The Fire Within: A Requiem for Katia and Maurice Krafft
‘The devil’s throat’, ‘the devil’s lair’, ‘the devil’s cauldron’: if volcanoes are the hearth of the devil, there is no question that Satan has an irresistible allure. To watch the earth split asunder and spew up its entrails in a roiling inferno is to encounter the elemental turbulence that festers underneath the stable ground we tread. It shakes all certainty to its core. It brings us face to face with all our cultural imaginings of the rage of apocalypse, and we cannot take our eyes off it.

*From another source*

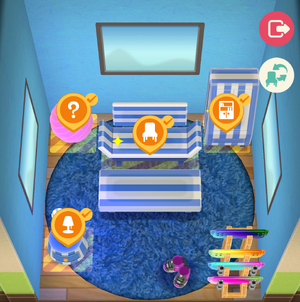 Stripe chair animal crossing new arrivals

Drawn by this magnetic force, French volcanologists Katia Krafft and Maurice Krafft started their careers taking scientific measurements at the site of volcanic eruptions, using film as a tool for observation and study, but they were increasingly consumed by the passion for filming the eruptions that would eventually – literally – consume them. Fearless, reckless, obsessed: drawn ever closer they were aware of the risks they took, but said it was essential that their study of volcanoes be done close-up. This proximity produced an archive of breath-taking footage. As their filmmaking evolved, their cinematography gradually changed from pedestrian documentation to cinematic masterpieces: images of the land ‘as we have never seen it’, as director Werner Herzog says: ‘They were able to descend into the inferno and wrestle an image from the very claws of the devil.’ Herzog’s documentary, The Fire Within: A Requiem for Katia and Maurice Krafft (2022), compiled largely from their own footage, is a tribute to the magnificence of their work.